I started from the premise that the most atomic, the smallest addressable piece on the venerable x86 PC is a byte. However, this algorithm (cellular automaton) really manipulates single bits. It requires some flexibility - it relies on fairly sophisticated mechanisms, however I am not sure if using Java's integer doesn't slow it down.

I think my question is would switching to assembly opened doors for some more robust techniques - would bitwise operations for example help it a lot?

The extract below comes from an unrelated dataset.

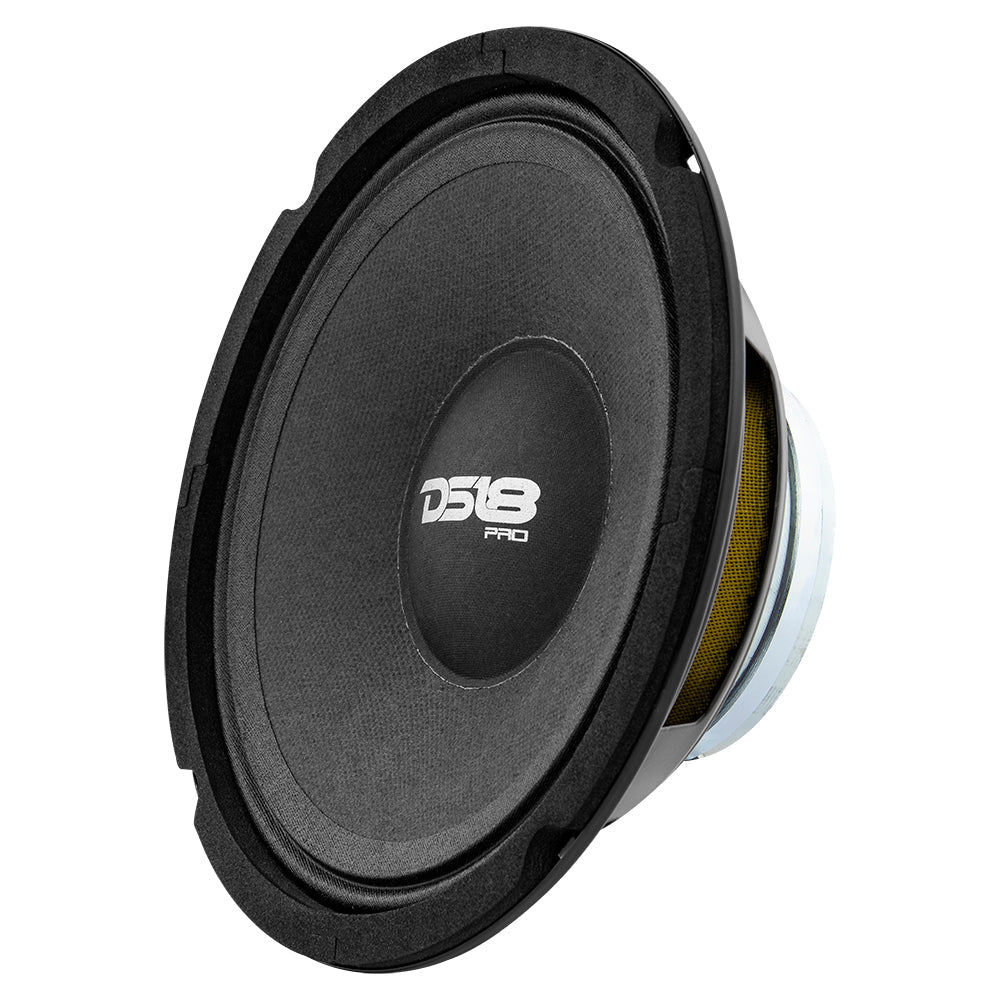 PRO 6.5" Neodymium Full-Range Loudspeaker 150 Watts Rms 4-Ohm (Used in JP6NEO Jeep Enclosures) - DS18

The algorithm in question was found in a repository of another ingenious programmer: https://bitbucket.org/BWerness/voxel-automata-terrain/src/master/ThreeState3dBitbucket.pde

  • Assuming that your code works, you might want to try asking on [codereview.se]. And also looking at existing [questions about cellular automata and the Game of Life](https://codereview.stackexchange.com/questions/tagged/cellular-automata+or+game-of-life) there. – Ilmari Karonen Oct 03 '20 at 17:54
  • 2
    (…but do read their [tips for asking good questions](https://codereview.stackexchange.com/help/how-to-ask) first.) – Ilmari Karonen Oct 03 '20 at 18:09
  • Note that dealing with smaller types is not always faster if the code then use inefficient instructions such as conditional jumps or much more instructions. Using branchless instructions is a good start. Then you can leverage parallel programing such as multithreading and SIMD instructions to speed your code up. No need to use assembly: all of this can be done in native languages like C or C++. – Jérôme Richard Oct 03 '20 at 19:52
  • Thank you @IlmariKaronen I will take a look (at all of them). – Daniel Krajnik Oct 04 '20 at 02:35
  • Thank you @JérômeRichard, insights like that is what I was looking for really. I am also wondering what are the "limits of optimization" - are today's compilers doing good enough job or can we still (realistically) move to lower levels (to the point of building a custom "Cellular Automata ASIC") although this probably should be another question. – Daniel Krajnik Oct 04 '20 at 02:40
  • @DanielKrajnik: Your computer already has a massively parallel processor that is quite well suited for things like cellular automata. It's called the GPU. Fortunately, we nowadays also have pretty decent programming tools for [general purpose computing on the GPU](https://en.wikipedia.org/wiki/General-purpose_computing_on_graphics_processing_units). – Ilmari Karonen Oct 04 '20 at 12:09
  • @IlmariKaronen true, true CUDA/OpenCL are great and with so many resources it would be unreasonable not to assume NVIDIA/AMD's edge in this race. I remember ASIC's success though in crypto mining - if one decides on a specific algorithm could learning curve to switch to different architecture be nonetheless worthwhile? Even though the best FPGAs on the market now still cant compete with RTXs in terms of floating point operations... given something as elementary as operations on only 1s and 0s could there then be some siginificant performance improvement possible.... – Daniel Krajnik Oct 04 '20 at 12:44
  • Sure, a dedicated ASIC could probably be faster than a general purpose GPU, if you were willing to spend the time and money to design and build one. Off the top of my head, I'd expect the difference between ASICs and GPUs to be somewhat smaller for cellular automata than for crypto mining, since GPUs are already quite well optimized for texture processing and image filtering, which are rather similar tasks to CA simulation. But dedicated single-task hardware will always beat general-purpose devices, if the only thing that matters is raw performance on that single task. – Ilmari Karonen Oct 04 '20 at 13:09
  • … Anyway, building dedicated hardware to speed up cellular automata is not a new idea; one of the oldest examples is probably Margolus and Toffoli's CAM ("Cellular Automata Machine") series of accelerators from the 1980s. [Here's one review article](https://www.researchgate.net/publication/320077544_Cellular_Automata_Hardware_Implementations-an_Overview) that I found by googling "cellular automata hardware". – Ilmari Karonen Oct 04 '20 at 13:15
  • Very interesting, thanks again. That's a good point (if I understood it correctly) GPUs expose some functions for more granular and efficient control of "bitwise operations"... Need to look into something like that - really want to speed up this algorithm – Daniel Krajnik Oct 04 '20 at 16:06

0 Answers0